Während Wolf diese Videosequenz in Schwarzweiß zeigt – und damit, zusätzlich zur Kameraposition, die Abstand zum Geschehen hält, ein weiteres Moment der Distanz schafft –, nutzt sie ihren zweiten Film zu einer Detailstudie: Langsam wandert der Bildausschnitt über Ansichten der gemalten Schlachtszene. Er gibt die Bewegung und den Rhythmus des Sehens vor, baut ein Moment des Suspense auf. Sukzessive lässt er einzelne Elemente aufscheinen – die Figuren kämpfender Soldaten, Fragmente von Panzern, das Feuer, das aus dem Dach des Reichstags schlägt … Die extreme Naheinstellung löst das Gesamtpanorama in seine Einzelelemente auf und lässt malerische Eigenheiten – Pinselduktus, Kolorit, Farbschlieren – in den Vordergrund treten. Die realistische Darstellung der Szene zerfällt in abstrakte Farbflächen und Strukturen, der appellative Charakter konkreter inhaltlicher Referenzen weicht malerischen Sensationen. Nonchalant dekonstruiert Martina Wolfs Film den im Kalten Krieg propagierten ideologischen Gegensatz zwischen westlicher Abstraktion und sozialistischem Realismus im Medium des bewegten Bildes. Bereits mit der Wahl des Mediums vollzieht sie dabei eine durchaus ironische Volte, diente der Film in der Sowjetunion doch als populäres Propagandainstrument, wie zwei weitere Arbeiten veranschaulichen. In Tag des Sieges. Moskau, 9. Mai 2009 und Tag des Sieges. Moskau, 9. Mai 2010 zeigt Wolf in einem Bild-im-Bild-Szenario einen riesigen Monitor im öffentlichen Stadtraum, am Brückenkopf jener Straße, die zum Roten Platz führt. Ausschnitte aus Spielfilmen über den Zweiten Weltkrieg flimmern über den Screen und sollen, ähnlich wie das Diorama im Museum Poklonnaja Gora, am Jahrestag zum Ende des Zweiten Weltkriegs an die Verdienste der Roten Armee erinnern. Die dramatisch-hero­ischen Schwarzweißfilm­szenen, deren Status als Spielfilmausschnitte erst im Jahr 2010 kenntlich gemacht wurde, bilden dabei einen starken Kontrast zu der farbenfrohen Beflaggung und der Alltäglichkeit der sie umgebenden Straßenszene. [4]

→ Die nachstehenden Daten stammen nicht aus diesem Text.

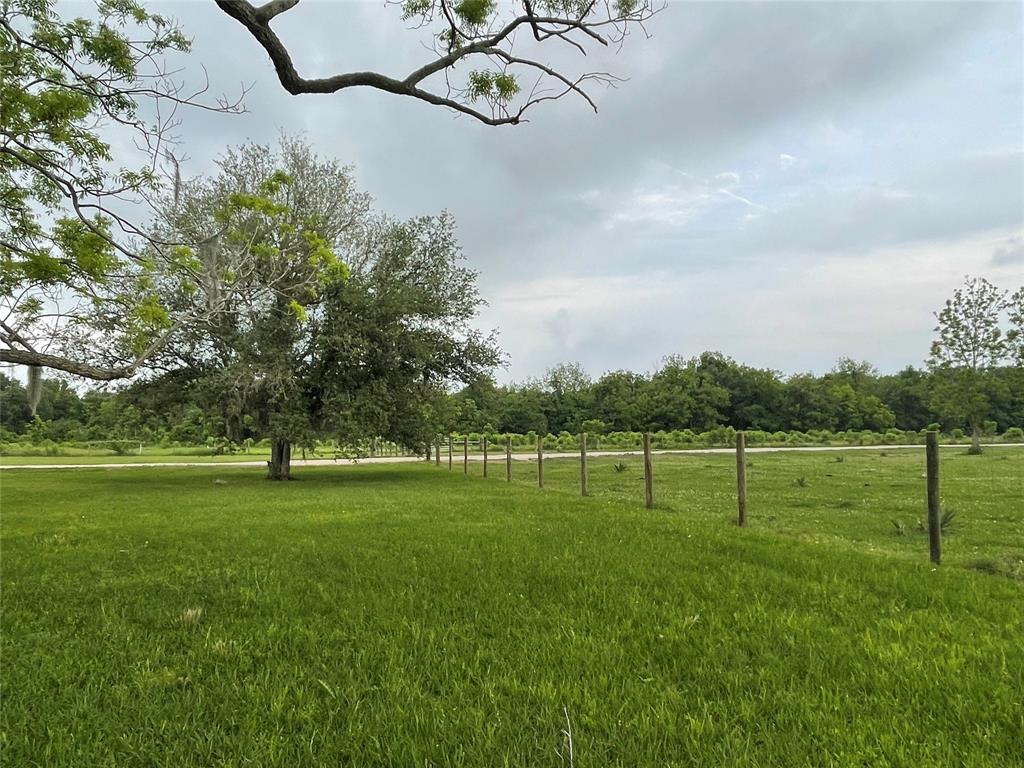 3295 Fm 524, Sweeny, Texas image 8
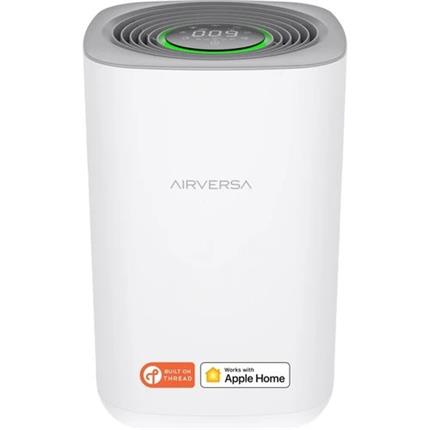Airversa Purelle AP2 Smart čistička vzduchu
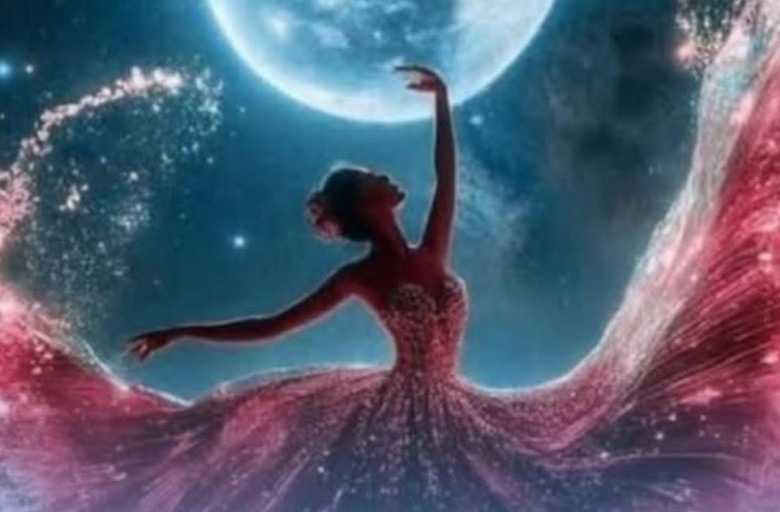 Turski astrolog tvrdi: OVA 2 ZNAKA ČEKA 7 GODINA VELIKE SREĆE - featured image Turski astrolog tvrdi: OVA 2 ZNAKA ČEKA 7 GODINA VELIKE SREĆE - featured image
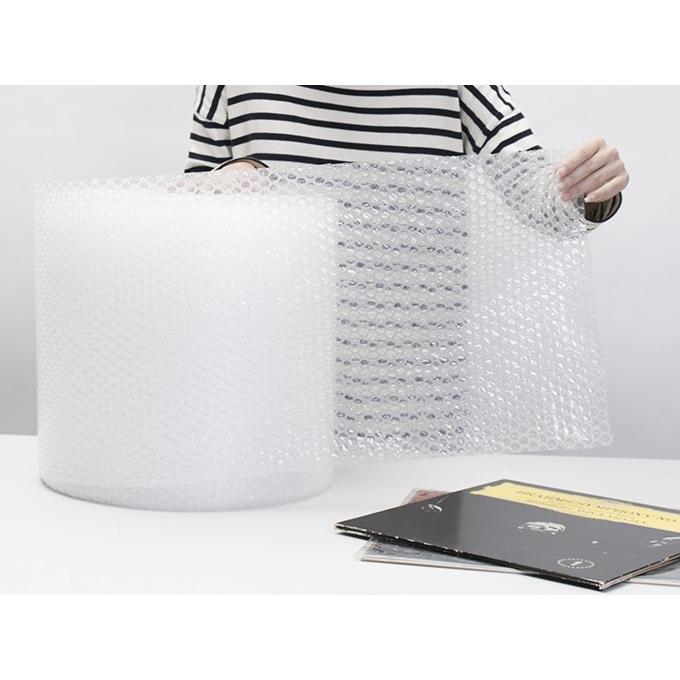 LP保護レコード保護に LPレコード 12インチ 梱包用 エアキャップ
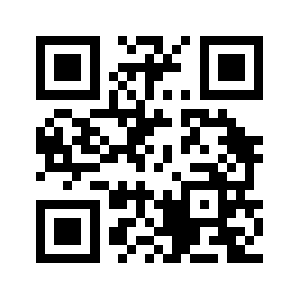 Cockriel QR code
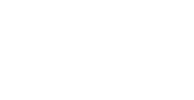Nisan Sticker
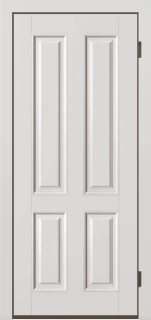 Brussel PF3 Эмаль r7024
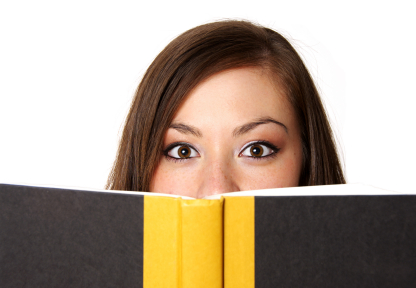 woman-reading-book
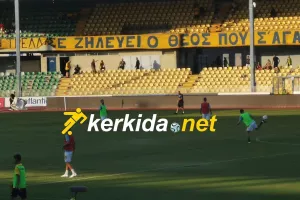 Η εντεκάδα της ΕΝΠ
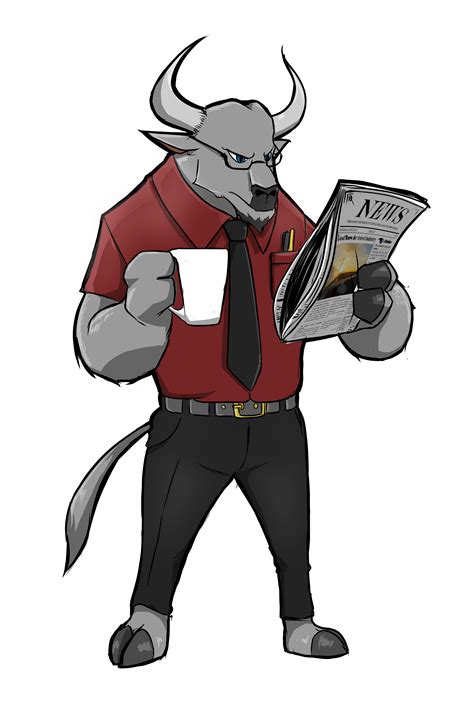 Routinely Itemised: RPGs #136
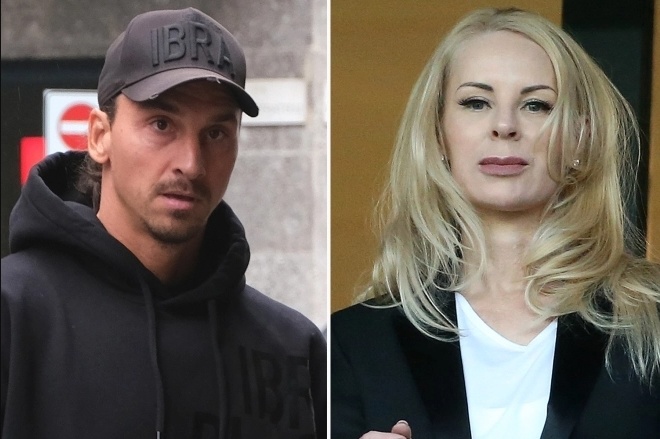 或许比许多, 过半生的伴, 这样一段超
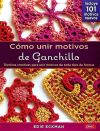 Cómo Unir Motivos De Ganchillo De Edie Eckman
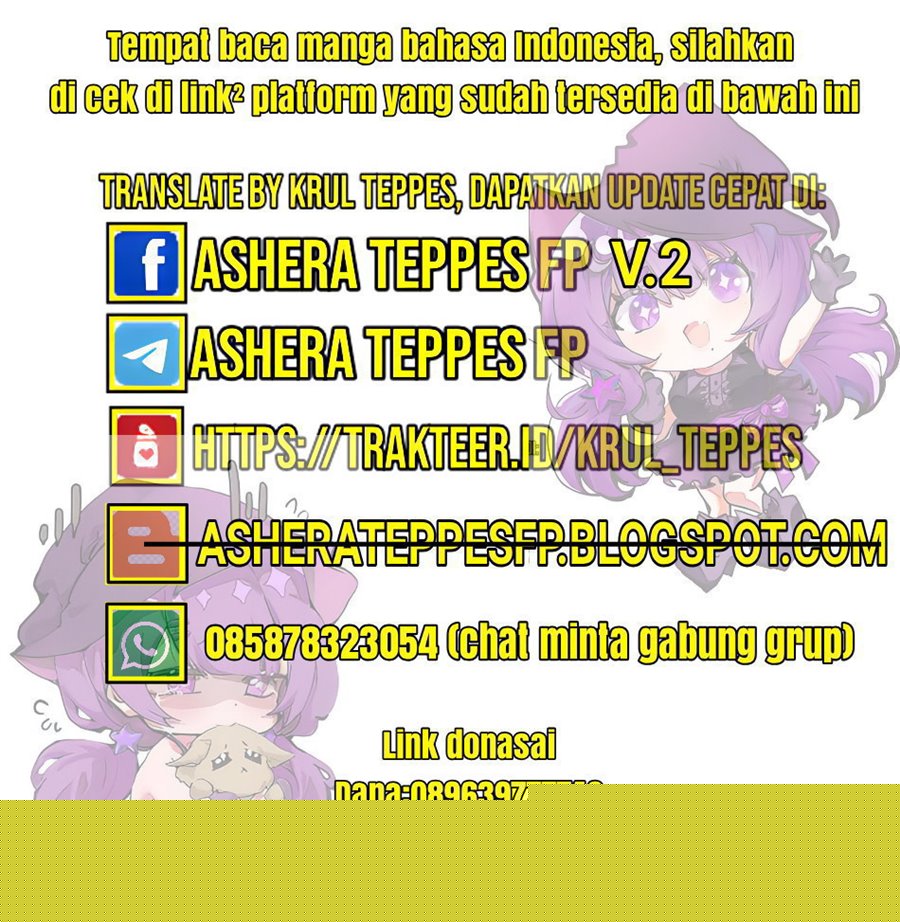 Bungou Stray Dogs Chapter 76 Gambar 43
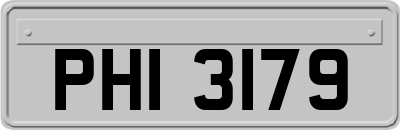 PHI3179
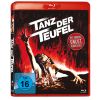 Tanz der Teufel (Uncut) (Blu-ray)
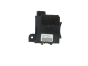 Controller  89780-0H020 73677212 Toyota 41573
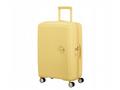 American Tourister SOUNDBOX SPINNER 67 EXP Pastel 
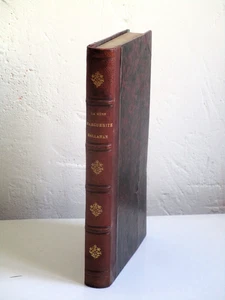 Margaret HALLAHAN 1803-68 Fondatrice des dominicaines de Ste Catherine de Sienne - Picture 1 of 15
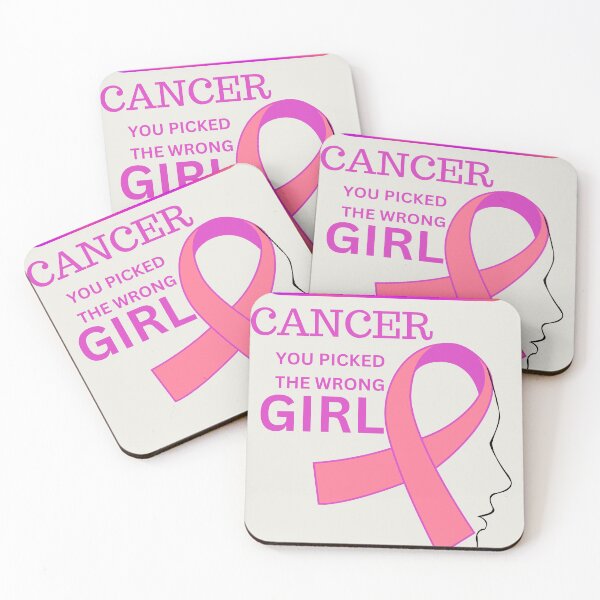 Item preview, We wear pink (breast cancer)t shirt  designed and sold by PGNart.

Zum einen eine Auseinandersetzung mit der offiziellen Erinnerungskultur im heutigen Russland, ist Sturm auf Berlin somit zugleich eine Reflexion über das Verhältnis zwischen Realismus und Abstraktion in der Kunst bzw. über Malerei und bewegte Bilder. Doch fügt Wolf in die Kette medialer Über­tragungen ein weiteres Zwischenglied ein. So zeichnete sie das Moskauer Berlin-Diorama in circa 70 Einzel­fotografien Detail für Detail auf und montierte daraus ein digitales Großbild, das ihr als Vorlage für ihren Film diente – was wie eine langsame Kamerafahrt wirkt, ist realiter im digitalen Schnittprogramm entstanden. Mit einem fotografischen Montage­verfahren arbeitete die Künstlerin auch in ihrer zwischen 2009 und 2011 entstandenen Werkgruppe der Wandfotografien. Auch hier setzte sie zahllose Einzelaufnahmen zu großformatigen Fotomontagen zusammen. [5] Gegenstand dieser digitalen Montagen sind übermalte Graffiti in der Moskauer Innenstadt, ein Phänomen, das Wolf bei ihren wiederholten Aufenthalten in Moskau immer häufiger beobachtete. Als subkulturelle Botschaften unerwünscht, durch Restriktionen jedoch nicht zu verhindern, versucht die Stadt den Graffiti pragmatisch zu begegnen. Sie übertüncht sie mit Öl- und Dispersionsfarben, ohne die Wände ganz instand zu setzen. Das Ergebnis sind den Schriftzügen und Zeichnungen folgende Anordnungen von Farbfeldern unterschiedlicher Größe und Farbnuancen, die an abstrakte Malerei erinnern. Die geometrischen, etwas unregelmäßig ausfransenden Farbflächen überlagern die Graffiti, können sie jedoch nicht ganz auslöschen: Unter den Farbfeldern schimmern einige Fragmente ihrer Botschaften hindurch.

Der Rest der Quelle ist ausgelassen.